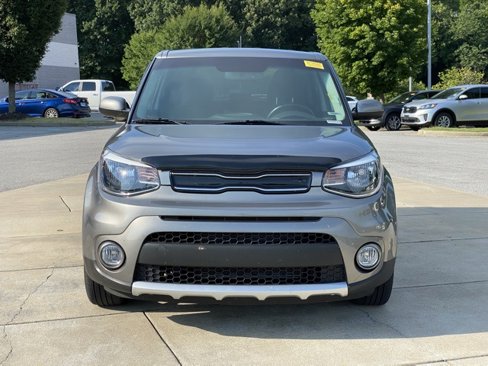 Used 2018 Kia Soul + w/ Audio Package image 2
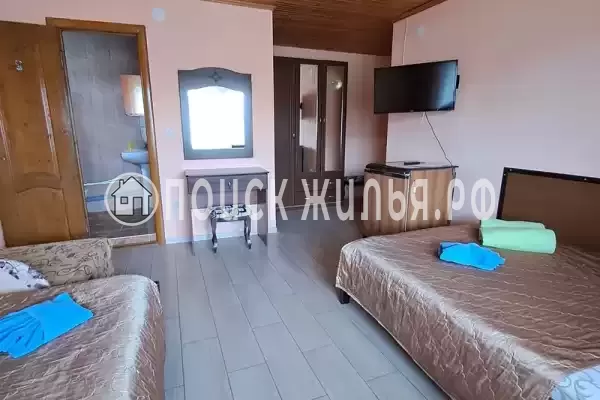 Частный сектор «Дом На Морской»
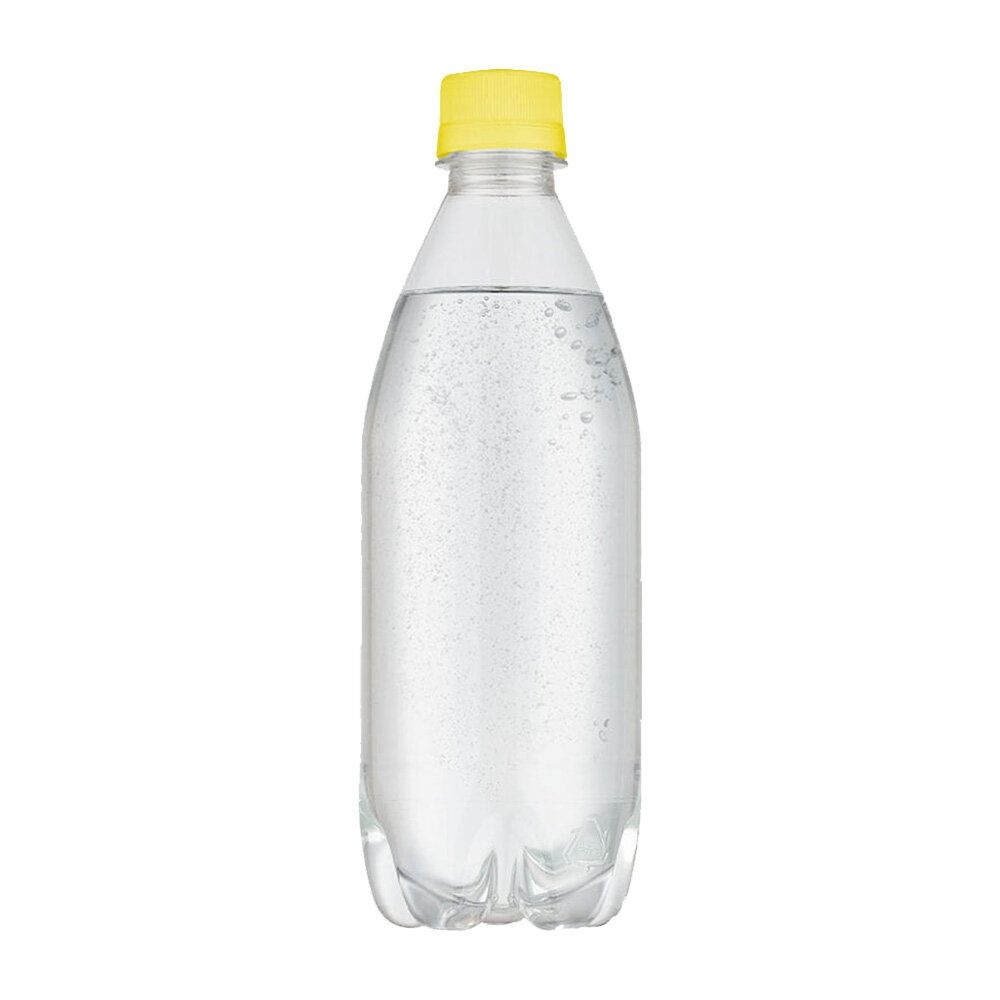 라인바싸 레몬 탄산수 무라벨 500ml 40페트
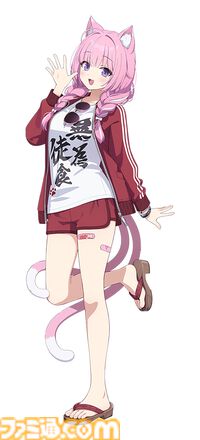 ネクソンの新作美少女ゲーム『プロジェクトRX』の正式タイトルが『ファレイドリア』に決定。TGS2026ネクソンブースにも試遊台を出展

## Requirement
The whole listing above is to be repeated exactly, apart from its pictures.

## Response area
 Used 2018 Kia Soul + w/ Audio Package image 2
 Частный сектор «Дом На Морской»
 라인바싸 레몬 탄산수 무라벨 500ml 40페트
 ネクソンの新作美少女ゲーム『プロジェクトRX』の正式タイトルが『ファレイドリア』に決定。TGS2026ネクソンブースにも試遊台を出展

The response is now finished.